Im Zuge der Weltpremiere des Musicals "Der Graf von Monte Christo" hatte thatsMusical.de die Gelegenheit mit prominenten Besuchern zu sprechen: Frank Wildhorn und Dr. Michael Kunze.

Dr. Michael Kunze (Gast)

Als „wunderbare Aufführung“ bezeichnete Deutschlands Musical-Autor Nummer 1, Dr. Michael Kunze, die Weltpremiere von „Der Graf von Monte Christo“ am Theater St. Gallen. „Es hat eine ganz ausgezeichnete Qualität und es ist sehr gut gelungen, die Komplexität des Buches für eine Bühnenversion zu straffen. Darüber hinaus ist es praktisch durchkomponiert, das finde ich besonders lobenswert.“ Kunze, der zum ersten Mal zu Besuch in St. Gallen war, zeigte sich darüber hinaus begeistert von den Möglichkeiten des Dreispartenhauses. „Das ist allerhöchstes Niveau, das hier geboten wird. Das Theater St. Gallen kann sich mit jedem Ensuite-Theater messen“, zeigte sich Dr. Kunze beeindruckt.

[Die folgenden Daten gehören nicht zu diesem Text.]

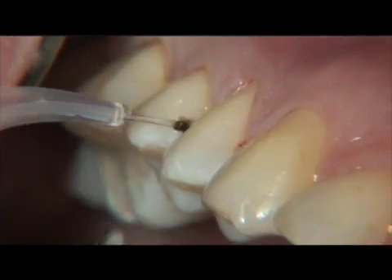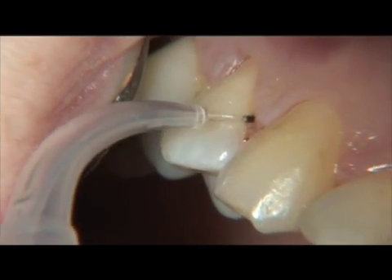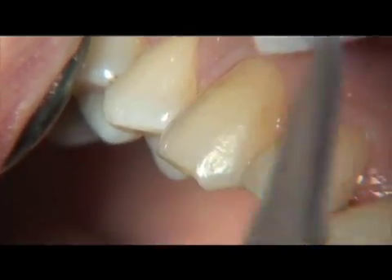The chief advantage of laser curettage is that it allows for a non-surgical approach, gaining easier access to deeper calculus deposits following ablation of diseased epithelium and hemorrhage control.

Der Wunsch, dass eines seiner Stücke in nicht allzu ferner Zukunft in St. Gallen zur Aufführung kommt, ist bei Kunze definitiv vorhanden. „Es ist wirklich eines der wichtigsten Musicalhäuser überhaupt im deutschsprachigen Raum.“ Zu konkreten Plänen wollte sich Kunze aber nicht äußern.

Frank Wildhorn, Komponist

„I could not be more proud“ (Ich könnte nicht stolzer sein“) sagte Komponist Frank Wildhorn kurz nach der Premiere seines Stückes „Der Graf von Monte Christo“ zu thatsMusical.de. Es sei eine wundervolle Erfahrung gewesen, mit dem Theater St. Gallen und dessen Kreativteam ein neues Stück zu entwickeln. „The energy is wonderful“ (Die Energie ist wundervoll). Ständig habe es neue Inspirationen gegeben und dass das Haus in der Lage gewesen sei, so tolle Künstler, Sänger und Schauspieler zu engagieren, habe ihn schlicht begeistert.

Dabei dürfte das für Wildhorn keine allzu große Überraschung gewesen sein. Die gute Reputation des Hauses hatte ihn nach eigenen Angaben schließlich dazu gebracht, auch schon die Europapremiere seines Stückes Dracula in St. Gallen zu feiern. Dass mit „Der Graf von Monte Christo“ nun eine Uraufführung folgte, war für Wildhorn daher kein allzu großes Risiko gewesen sein. Zumal es sich bei dem Musical über den Klassiker aus der Feder von Alexandre Dumas um eine Auftragsarbeit des Theaters gehandelt hatte.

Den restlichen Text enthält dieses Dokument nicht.